A l’occasion du Monde Festival, la présidente de la FNSEA est venue débattre avec Brigitte Gothière, porte-parole de l’association L214 qui prône l’égalité entre espèces et l’abolition de l’élevage. Devant une salle partagée, Christiane Lambert a su, à de nombreuses reprises, soulever les incohérences et trouver les mots pour défendre son métier, insistant sur les progrès réalisés par les éleveurs en matière de bien-être animal.
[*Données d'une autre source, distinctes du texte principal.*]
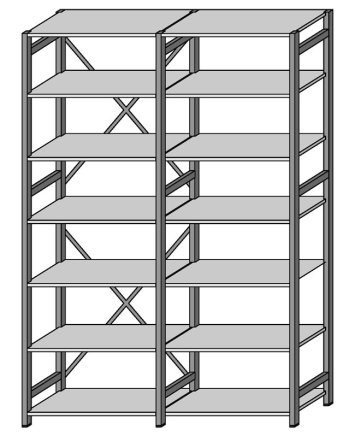 Extension rack CLIP galvanized type 14303 - 4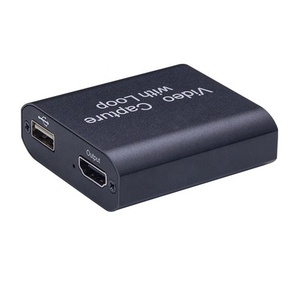 Tarjeta de captura de video USB con salida en bucle Alta definición HDTV Laptop Switch Live PS4 Tarjeta de captura de juegos - Product Image 1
« Pour nous, les animaux ne doivent pas être des ressources alimentaires », a rappelé d’emblée Brigitte Gothière, porte-parole de l’association L214, lors du débat organisé le 23 septembre par le Monde Festival et intitulé « Demain, tous végans ? ». Une posture logiquement inacceptable pour Christiane Lambert, la présidente de la FNSEA, qui intervenait face à elle et qui de son côté « ne croi[ t ] pas à un monde végan ». « Les nutritionnistes le disent, on a besoin de lait, de viande, pour être en bonne santé », ajoute-t-elle. Une affirmation néanmoins contestée par Renan Larue, professeur d’université qui vient de créer un cours sur le véganisme à l’université de Californie. Pour lui, « un régime végétarien ou végétarien bien équilibré apporte tous les nutriments » et rend donc inutile l’exploitation animale. « On devrait élargir aux animaux de rente la logique qui fait que l’on condamne les mauvais traitements sur les animaux de compagnie », ajoute-t-il. « Une société végan existe déjà ici et maintenant, poursuit-il, puisque les végans parviennent très bien à vivre parmi nous ». Derrière la question de la philosophie de vie se pose néanmoins celle de la demande du consommateur qui, à plus de 97 %, continue à vouloir consommer de la viande. Et si Brigitte Gothière estime que les vidéos de son association ont pour but de « recréer le lien entre la viande dans l’assiette et l’animal qui existait avant », Christiane Lambert tient elle aussi à mettre sur le devant de la scène un certain nombre de vérités méconnues sur l’élevage. « Il n’y a qu’une seule ferme de 1 000 vaches en France, 98 % des exploitations françaises comptent moins de 150 vaches, pour une taille moyenne de 56 vaches », explique-t-elle. De même pour l’élevage porcin, où la moyenne française tourne autour de 180 truies, « loin des élevages de 5 000 truies en Allemagne, de 10 000 truies en Pologne, ou même de 54 000 truies en Chine », poursuitelle. « L’élevage industriel est ailleurs, pas en France », tient à souligner la présidente de la FNSEA.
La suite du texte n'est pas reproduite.